6. Generar redes, no solo contactos
Relacionarte no es acumular nombres, sino construir vínculos basados en el respeto y el interés genuino. El seguimiento y el reconocimiento fortalecen las relaciones.
7. Observar y aprender de los protocolos existentes
Analiza cómo se organizan eventos académicos, ceremonias y reuniones institucionales. Esta observación desarrolla sensibilidad y criterio institucional.
8. Manejar desacuerdos con inteligencia relacional
El conflicto también comunica. Saber expresarlo con argumentos, respeto y oportunidad fortalece la credibilidad personal.
9. Documentar tu participación y tus logros
Registrar proyectos y aprendizajes es memoria profesional y base para construir un relato sólido de trayectoria.
10. Actuar con ética y congruencia
La confianza es el capital central de las relaciones públicas. La coherencia entre lo que se dice y lo que se hace es la acción más poderosa que puede ejercer una persona joven.
Las relaciones públicas no comienzan con un cargo, una oficina o una tarjeta de presentación. Comienzan con la manera en que una persona se relaciona, se expresa y asume su presencia en los espacios que habita. Para las y los jóvenes universitarios, entender esto a tiempo marca una diferencia sustantiva entre improvisar su trayectoria o construirla con intención.
La universidad no es un ensayo general: es el primer escenario real donde se pone en juego la reputación, la credibilidad y la capacidad de representación.
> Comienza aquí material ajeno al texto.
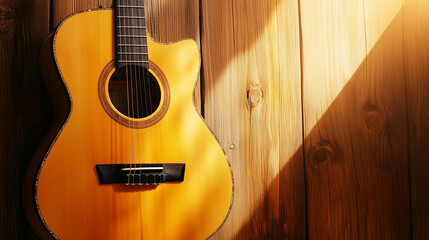 Obraz premium Acoustic guitar by a wooden wall, evoking warmth and simplicity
Cada clase, cada proyecto, cada interacción y cada decisión comunica, incluso cuando no se es plenamente consciente de ello.
Incorporar las relaciones públicas desde esta etapa no significa adelantar la vida profesional, sino ejercerla con responsabilidad desde el presente. Quienes desarrollan esta mirada temprana llegan al mundo laboral con algo que no se aprende de un día para otro: criterio relacional, lectura de contexto y conciencia del impacto público de sus actos.
En un entorno donde la confianza es un recurso escaso y la exposición es constante, saber relacionarse con ética, estrategia y sentido institucional ya no es un valor agregado. Es una competencia esencial para construir trayectorias sólidas, liderazgos legítimos y futuros profesionales con verdadero impacto.